🤖 AI Summary
To address key bottlenecks in automated 3D indoor scene synthesis—namely low visual fidelity, semantic inconsistency, weak user controllability, and scarcity of high-quality training data—this paper proposes SpatialGen, a layout-guided controllable generation framework. Methodologically, it introduces (1) the first large-scale, multimodal synthetic dataset specifically designed for indoor scene synthesis; (2) a multi-view, multimodal diffusion model that jointly models geometry, appearance, and semantics, enforcing cross-modal spatial consistency via scene-coordinate mapping and text-image guidance; and (3) fine-grained conditional generation supported by both 3D layouts and reference images. Experiments demonstrate significant improvements over state-of-the-art methods in visual fidelity, diversity, and semantic plausibility. The code, dataset, and pretrained models are publicly released.
📝 Abstract
Creating high-fidelity 3D models of indoor environments is essential for applications in design, virtual reality, and robotics. However, manual 3D modeling remains time-consuming and labor-intensive.

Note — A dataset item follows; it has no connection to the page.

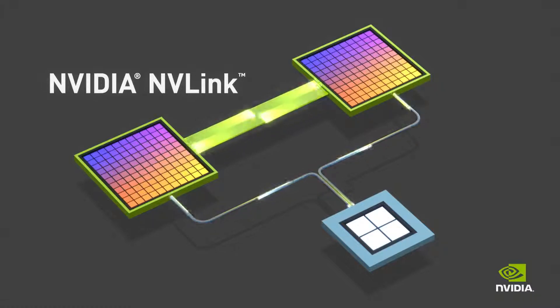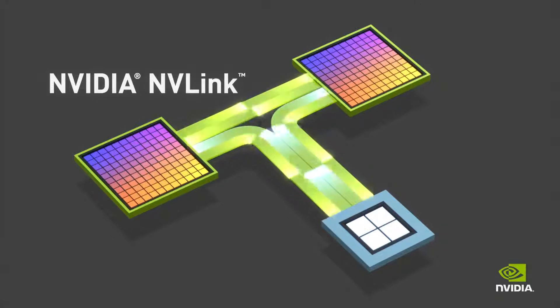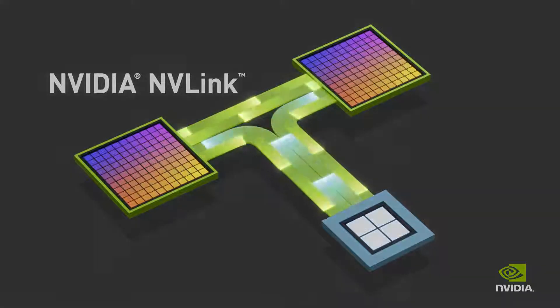NVLink also enables high-speed GPU communication with the CPU, allowing both processor types to access system memory at the same speed and further increasing the benefit of accelerated computing.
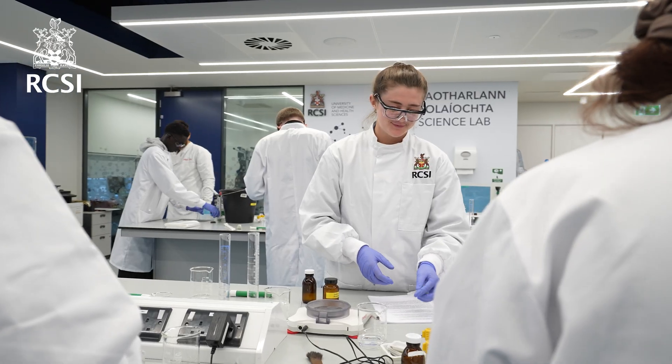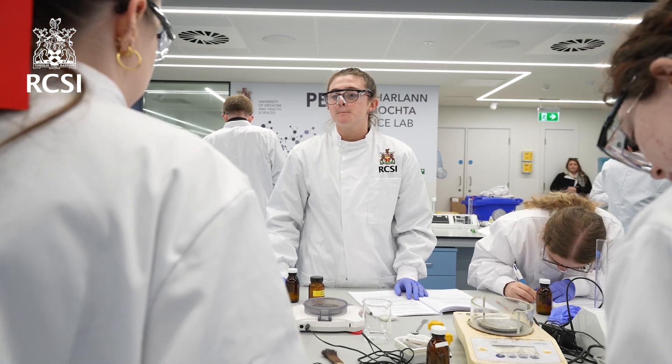In second semester I really enjoyed the FMI module, which is the Foundations of Microbiology. We did a lot of lab work here in RCI which I really enjoyed — it was great to see the practical side of it.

While recent advances in generative AI have enabled automated scene synthesis, existing methods often face challenges in balancing visual quality, diversity, semantic consistency, and user control. A major bottleneck is the lack of a large-scale, high-quality dataset tailored to this task. To address this gap, we introduce a comprehensive synthetic dataset, featuring 12,328 structured annotated scenes with 57,440 rooms, and 4.7M photorealistic 2D renderings. Leveraging this dataset, we present SpatialGen, a novel multi-view multi-modal diffusion model that generates realistic and semantically consistent 3D indoor scenes. Given a 3D layout and a reference image (derived from a text prompt), our model synthesizes appearance (color image), geometry (scene coordinate map), and semantic (semantic segmentation map) from arbitrary viewpoints, while preserving spatial consistency across modalities. SpatialGen consistently generates superior results to previous methods in our experiments. We are open-sourcing our data and models to empower the community and advance the field of indoor scene understanding and generation.